▶ _Information supplied_

Start of Block

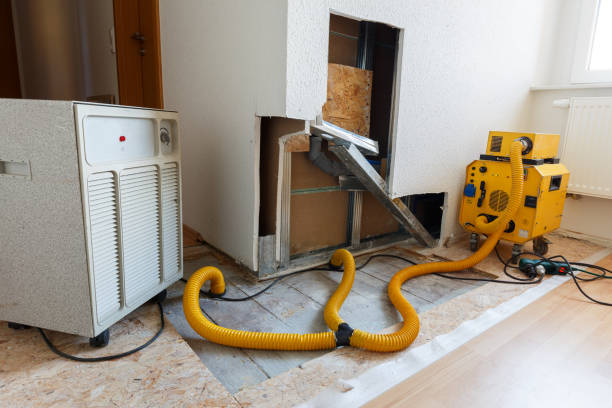 Best Attic Mold Removal  in Coos Bay, OR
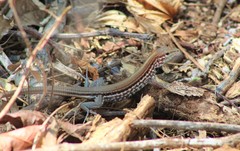 Aspidoscelis lineattissimus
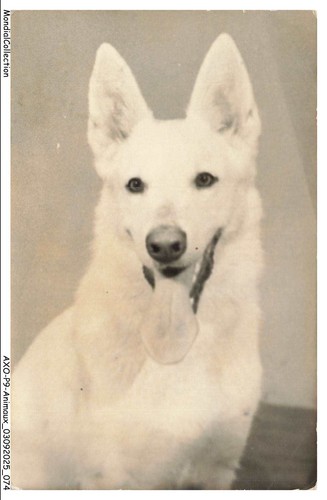 Axop9 0952 animaux chien - -,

End of Block

▶ _Task details_
In the listing, find the line containing "Aspidoscelis lineattissimus" and repeat it and every later line through the last one, word for word, excluding the pictures.

▶ _Problem solution_
 Aspidoscelis lineattissimus
 Axop9 0952 animaux chien - -,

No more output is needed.